* **THE PROBLEM**
From the line containing "Sheraton Hotel Minneapolis" to the final line of the entries, copy each line exactly. Pictures stay out.
• • •
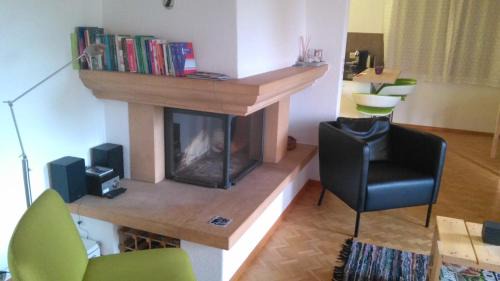 Enges Apartamento | La Petite Fleur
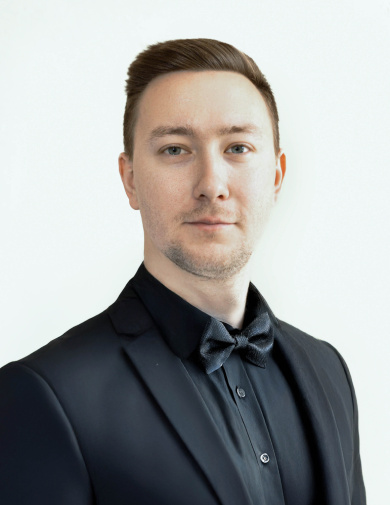 Шиков Михаил Александрович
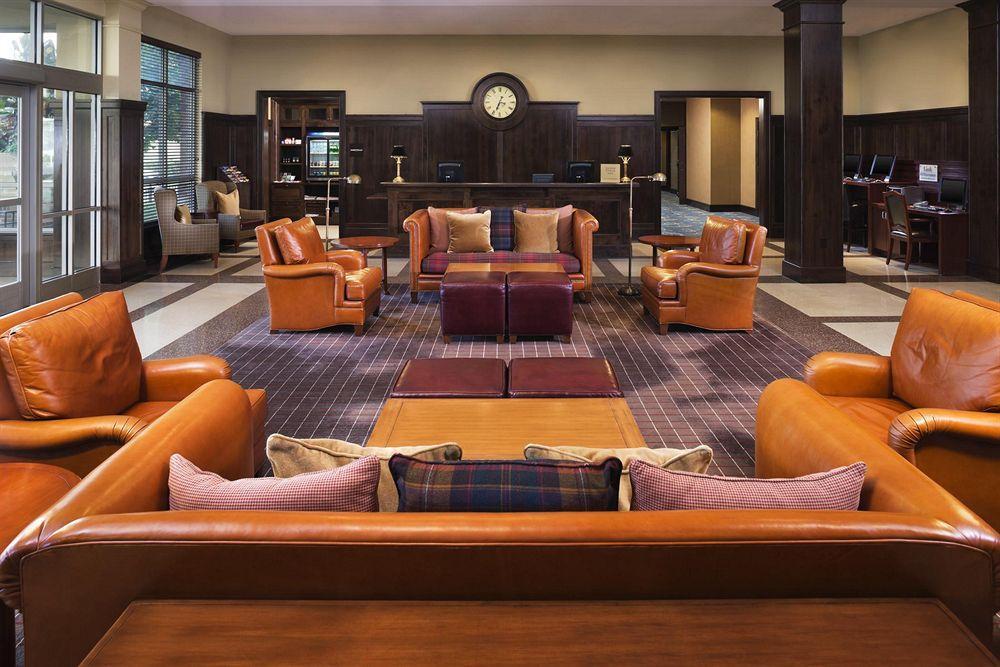 Sheraton Hotel Minneapolis Midtown Екстер'єр фото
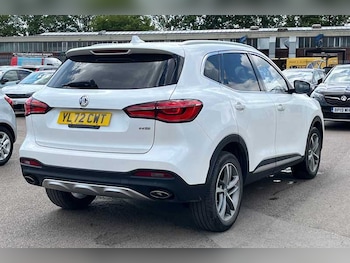 Used MG MG HS 2023 for sale - 78924350: Photo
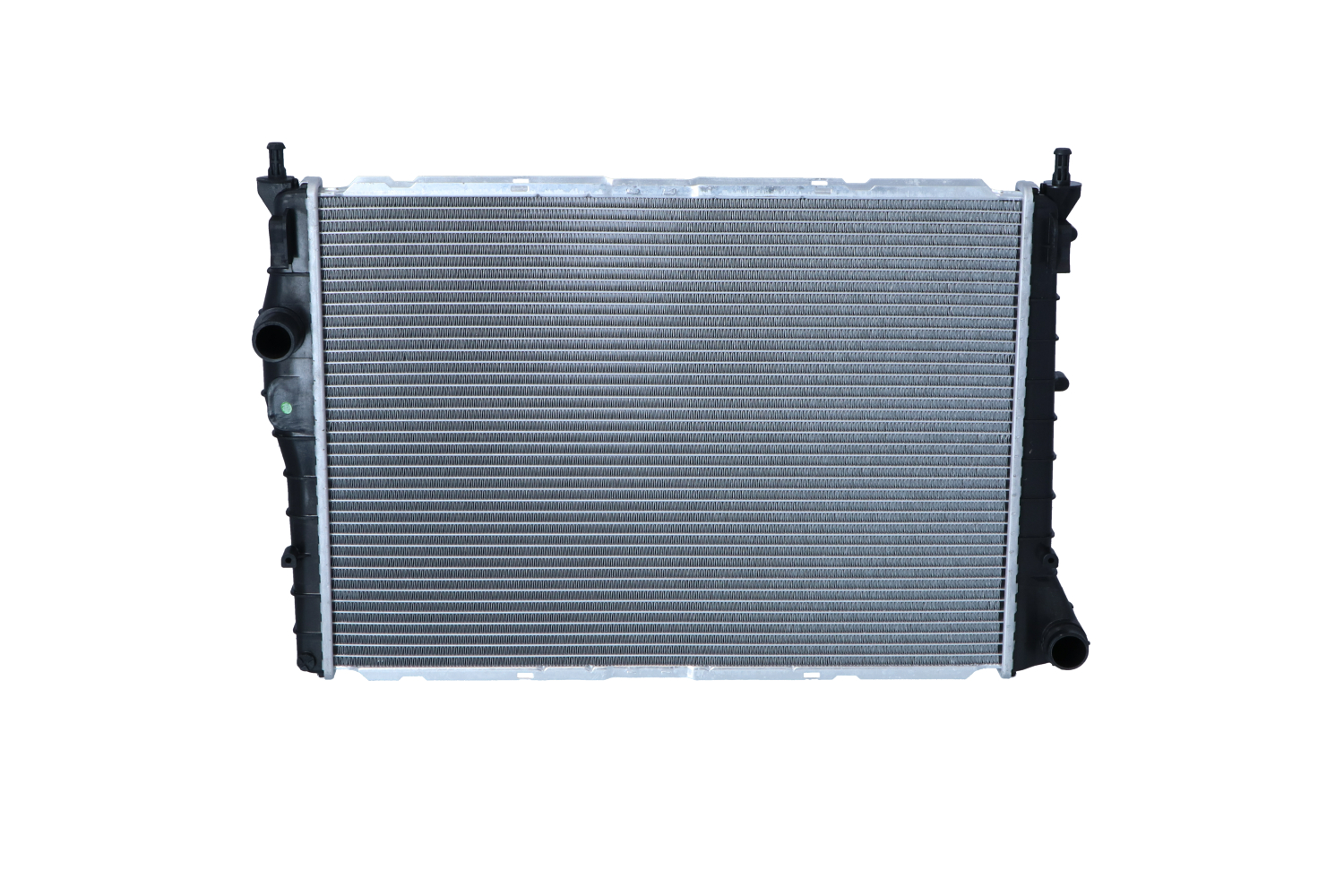 Great value for money - NRF Engine radiator 53203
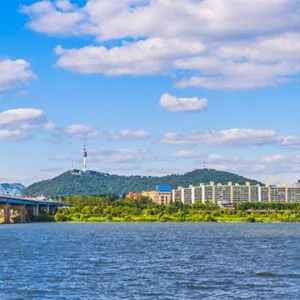 Tranh Dán Tường Cảnh Biển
• • •
* **WRITTEN SOLUTION**
 Sheraton Hotel Minneapolis Midtown Екстер'єр фото
 Used MG MG HS 2023 for sale - 78924350: Photo
 Great value for money - NRF Engine radiator 53203
 Tranh Dán Tường Cảnh Biển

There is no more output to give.